With some help from the community, I was able to scrape some information off a webpage. However, I am facing some trouble scraping information off the additional pages of the website.
The code shown below is able to obtain the following information: ('date', 'type', 'registration', 'operator', 'fat.', 'location', 'cat') from each year of the webpage (from 1919 - 2019). An example of the URL by year is
https://aviation-safety.net/database/dblist.php?Year=1946
However, i realised that there are additional pages in each of the URLs by years such as
https://aviation-safety.net/database/dblist.php?Year=1946&lang=&page=2 https://aviation-safety.net/database/dblist.php?Year=1946&lang=&page=3 https://aviation-safety.net/database/dblist.php?Year=1946&lang=&page=4
Was wondering how to scrape the additional pages for each year?
import pandas as pd
from bs4 import BeautifulSoup
import requests
headers = {'User-Agent': 'Mozilla/5.0 (Windows NT 10.0; Win64; x64) AppleWebKit/537.36 (KHTML, like Gecko) Chrome/75.0.3770.100 Safari/537.36'}
#start of code
mainurl = "https://aviation-safety.net/database/"
def getAndParseURL(mainurl):
result = requests.get(mainurl)
soup = BeautifulSoup(result.content, 'html.parser')
datatable = soup.find_all('a', href = True)
return datatable
datatable = getAndParseURL(mainurl)
#go through the content and grab the URLs
links = []
for link in datatable:
if 'Year' in link['href']:
url = link['href']
links.append(mainurl + url)
#check if links are in dataframe
df = pd.DataFrame(links, columns=['url'])
df.head(10)
#create empty datframe and empty list to store urls that didn't pull a table
results_df = pd.DataFrame()
no_table = []
#Loop through the URLs retrieved previously and append to results_df
for x in df['url']:
try:
html = requests.get(x, headers=headers).text # <----- added headers
table = pd.read_html(html)[0] # <---- used pandas to read in the html and parse table tags. this will return a list of dataframes and want the dataframe in position 0
results_df = results_df.append(table, sort=True).reset_index(drop=True)

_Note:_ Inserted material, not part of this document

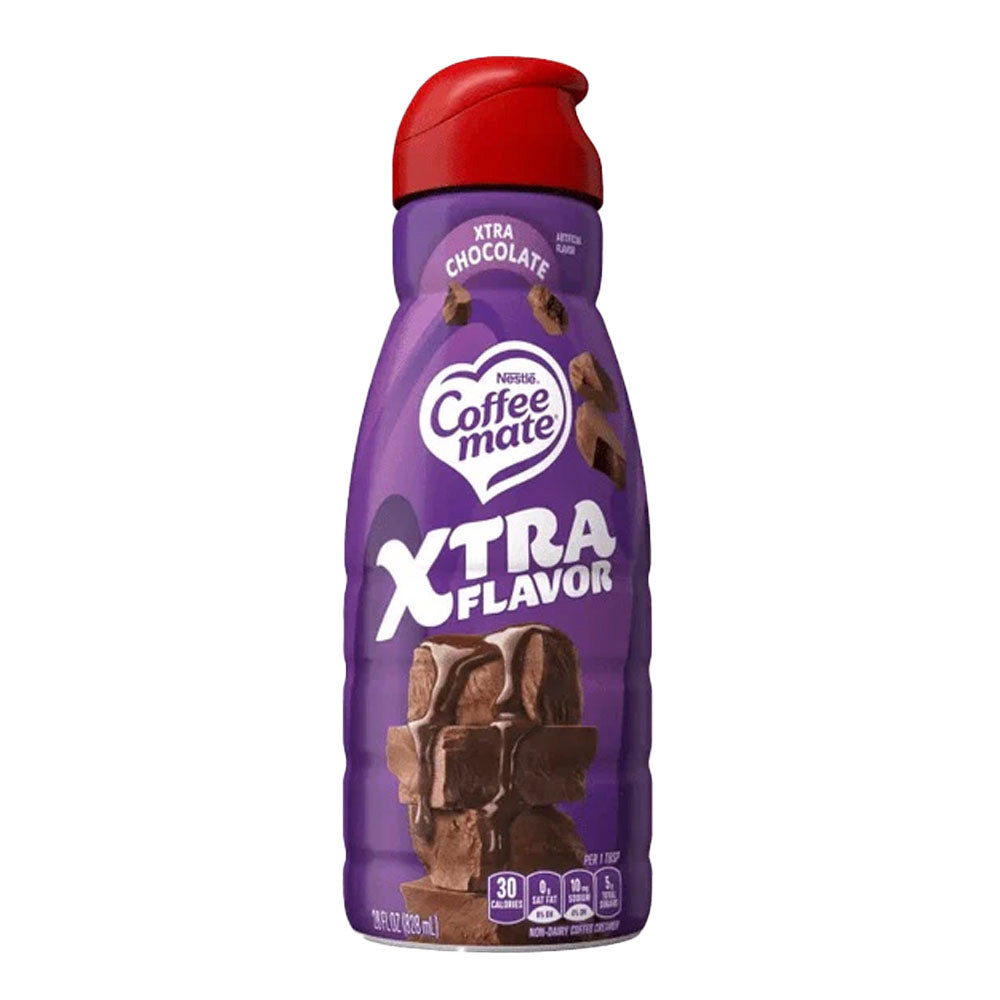 Coffee Mate Xtra Chocolate Coffee Creamer (32oz)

print ('Processed: %s' %x)
except:
print ('No table found: %s' %x)
no_table.append(x)
results_df = results_df[['date', 'type', 'registration', 'operator', 'fat.', 'location', 'cat']]
You can use beautifulsoup to check for the <div> tag that contains the number of pages, then it looks like you can just iterate through those. Might be a better way to do it, but I just added another try/except in there to deal with if additional pages are found:
import pandas as pd
from bs4 import BeautifulSoup
import requests
headers = {'User-Agent': 'Mozilla/5.0 (Windows NT 10.0; Win64; x64) AppleWebKit/537.36 (KHTML, like Gecko) Chrome/75.0.3770.100 Safari/537.36'}
#start of code
mainurl = "https://aviation-safety.net/database/"

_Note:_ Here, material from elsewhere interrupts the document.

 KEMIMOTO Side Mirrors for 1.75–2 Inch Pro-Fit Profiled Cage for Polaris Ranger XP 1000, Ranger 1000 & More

def getAndParseURL(mainurl):
result = requests.get(mainurl)
soup = BeautifulSoup(result.content, 'html.parser')
datatable = soup.find_all('a', href = True)
return datatable
datatable = getAndParseURL(mainurl)
#go through the content and grab the URLs
links = []
for link in datatable:
if 'Year' in link['href']:
url = link['href']
links.append(mainurl + url)
#check if links are in dataframe
df = pd.DataFrame(links, columns=['url'])
df.head(10)
#create empty datframe and empty list to store urls that didn't pull a table
results_df = pd.DataFrame()
no_table = []
#Loop through the URLs retrieved previously and append to results_df
for x in df['url']:
#Check for additional pages
try:
html = requests.get(x, headers=headers)
soup = BeautifulSoup(html.text, 'html.parser')
pages = soup.find('div',{'class':'pagenumbers'}).text.strip().split(' ')[-1]
for page in range(1,int(pages)+1):
page_x = x + '&lang=&page=%s' %page
try:
html = requests.get(page_x, headers=headers).text # <----- added headers
table = pd.read_html(html)[0] # <---- used pandas to read in the html and parse table tags. this will return a list of dataframes and want the dataframe in position 0
results_df = results_df.append(table, sort=True).reset_index(drop=True)
print ('Processed: %s' %page_x)
except:
print ('No table found: %s' %page_x)
no_table.append(page_x)
except:
try:
html = requests.get(x, headers=headers).text # <----- added headers
table = pd.read_html(html)[0] # <---- used pandas to read in the html and parse table tags. this will return a list of dataframes and want the dataframe in position 0
results_df = results_df.append(table, sort=True).reset_index(drop=True)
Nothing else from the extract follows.